To fill that gap, the authors of the new study focused south of the equator in developing a new estimate of how much heat the ocean stores. In particular, scientists at the U.S. Department of Energy (DOE) and NASA looked at satellite measurements of sea-level height, which they can use as a proxy for heating. That’s because as oceans warm, water expands, causing sea levels to rise. The researchers found that climate models have generally simulated recent sea-level rise accurately, when considering hemispheric-scale changes. Then, using model simulations, they looked into the past, calculating how ocean heat content has changed since 1970. In particular, they tested whether observed changes in heat content were consistent with the change simulated by the models. The figures generally matched over more recent decades, but they uncovered a large discrepancy prior to 2004, when more comprehensive data began to pour in from instrumented Argo floats. The results suggest that previous estimates of the heat stored in the upper 700 meters of the ocean since 1970 have been too low. In the Southern Ocean in particular, they estimate past heat tallies were 48% to 152% too low. Globally, past estimates could be as much as 25% off.

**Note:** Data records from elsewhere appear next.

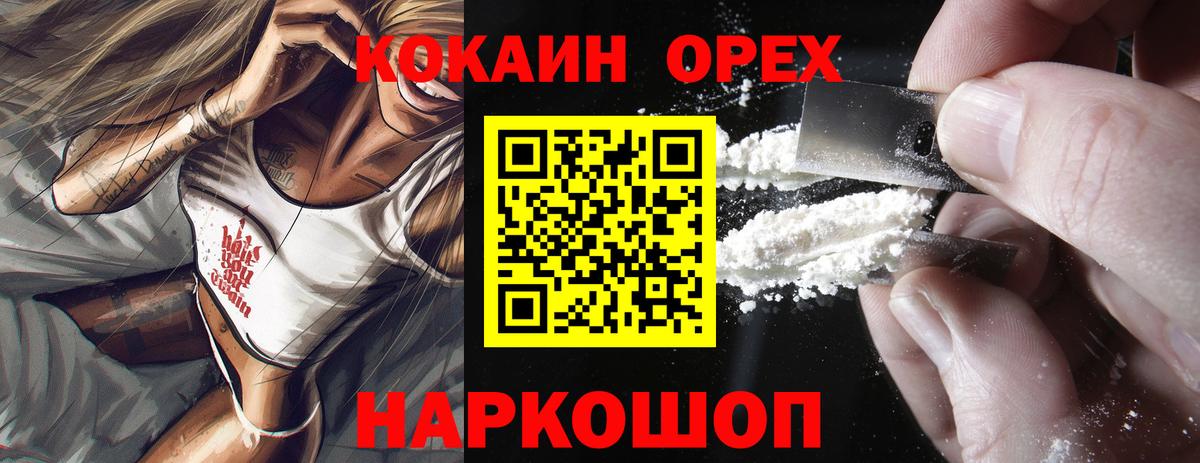 Кировск  КОКАИН Перу  Cocaine VHQ  Вход с VPN 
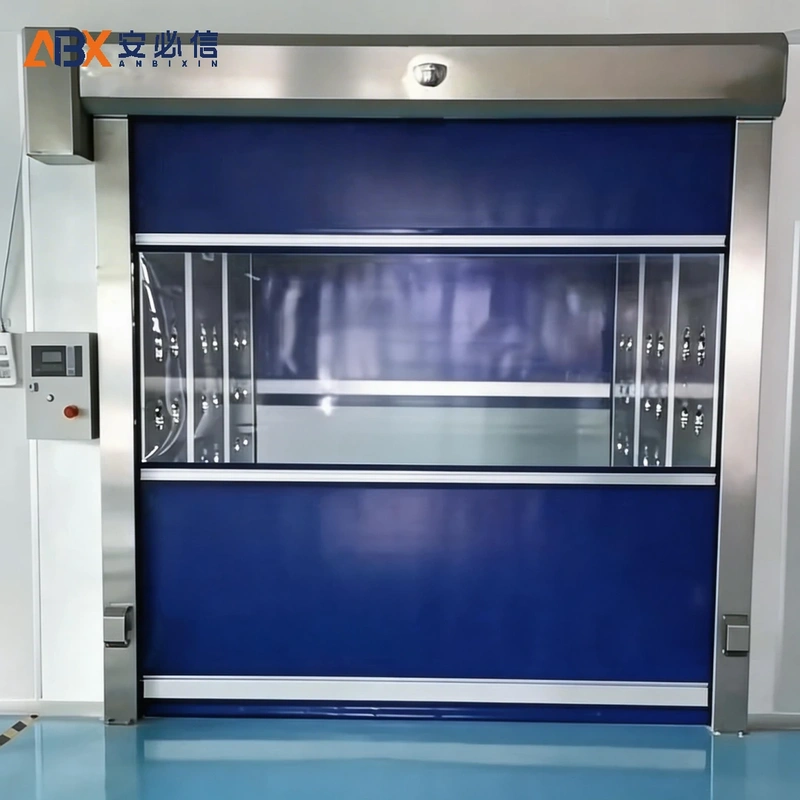 运城市快速门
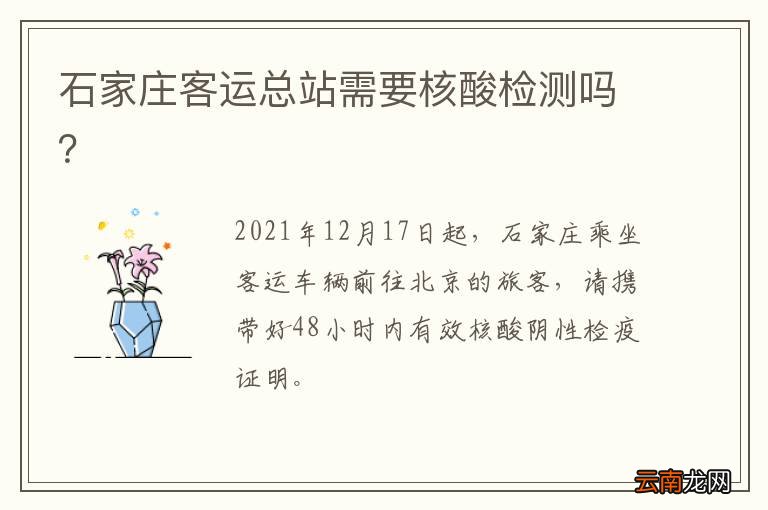 石家庄客运总站需要核酸检测吗？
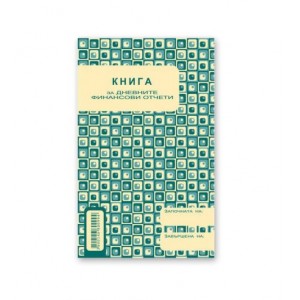 Книга за дневните финансови отчети А5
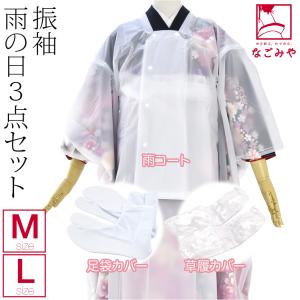 雨の日 セット 振袖用 雨よけ 3点セット 白 雨コート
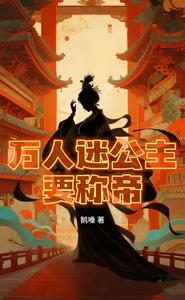 万人迷公主要称帝 cover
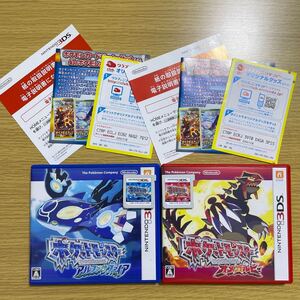 ポケットモンスター オメガルビー アルファサファイア 3dsソフト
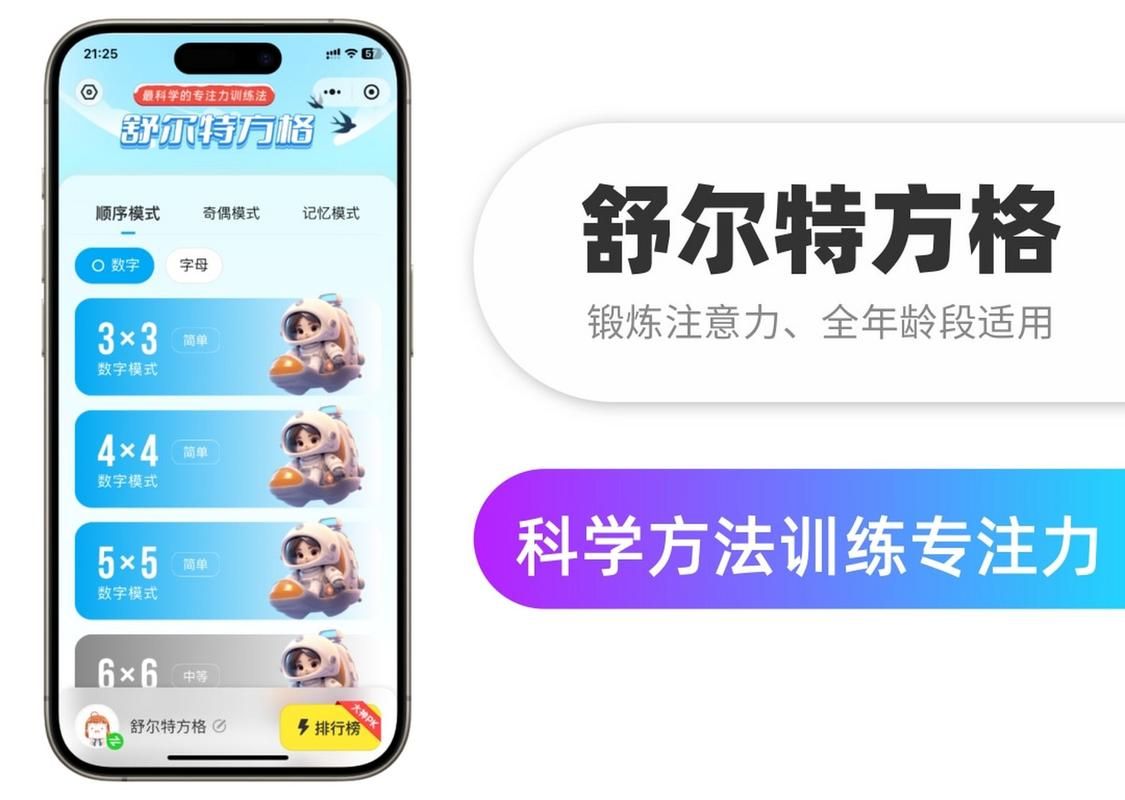 舒尔特游戏下载去哪找？热门APP商店都有！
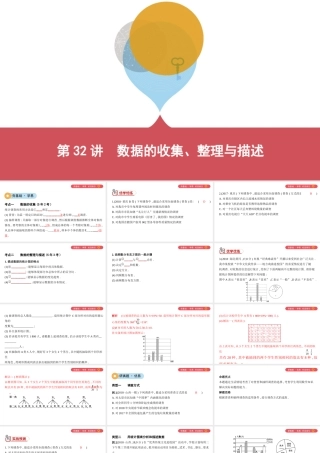 （山西专用）中考数学一轮复习 第八单元 统计与概率 第32讲 数据的收集、整理与描述课件-人教版初中九年级全册数学课件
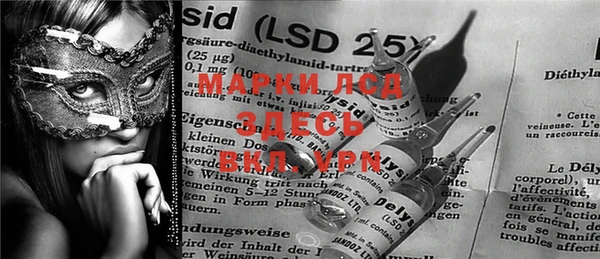 марки lsd Баксан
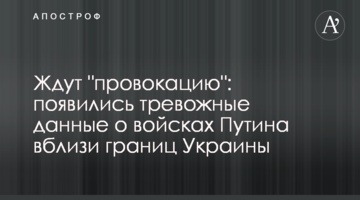 Чекають на "провокацію": з'явилися тривожні дані про війська Путіна поблизу кордонів України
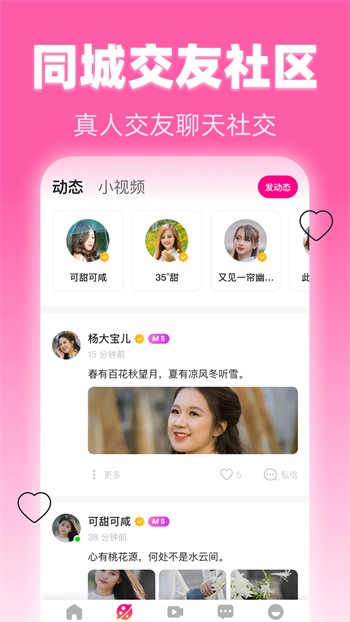 八一影院app在线下载视频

“The thing that was surprising to me was the magnitude of this underestimation,” says lead author Paul Durack, an oceanographer with DOE’s Lawrence Livermore National Laboratory in California. The findings suggest that previous observed estimates may be underestimating the planet’s sensitivity to the buildup of carbon dioxide, he adds. (Climate sensitivity is a key issue in climate science.) The paper is valuable in its use of real-world data and simulations to “cross-check” one another, says oceanographer Gregory Johnson of the Pacific Marine Environmental Laboratory in Seattle, Washington.
Meanwhile, a second paper published today in the same journal tries to shed light on warming in another poorly sampled part of the ocean: the deep. The vast majority of existing ocean temperature records are collected by buoys and cover the sea’s top 2000 meters. The average depth of the ocean, however, is 4300 meters, with some basins extending down to 6000 meters. Using sea-level and buoy data, a team led by William Llovel, an oceanographer at the Jet Propulsion Laboratory in Pasadena, California, attempted to estimate warming below 2000 meters. Their results suggest that the deep ocean has barely warmed since 2005—but includes big error bars that leave plenty of uncertainty.
That uncertainty illustrates why better measurements of the ocean are required, Johnson says. And help may be coming: This year, researchers began testing new drifting research buoys, dubbed Deep Argo, that are capable of descending to 6000 meters to take temperatures and other measurements.
*Correction, 5 October, 7:30 p.m.: The headline and text have been corrected to make it clear that past observations, not models, may have underestimated ocean warming. The description of the first study's results has been altered in the interest of clarity.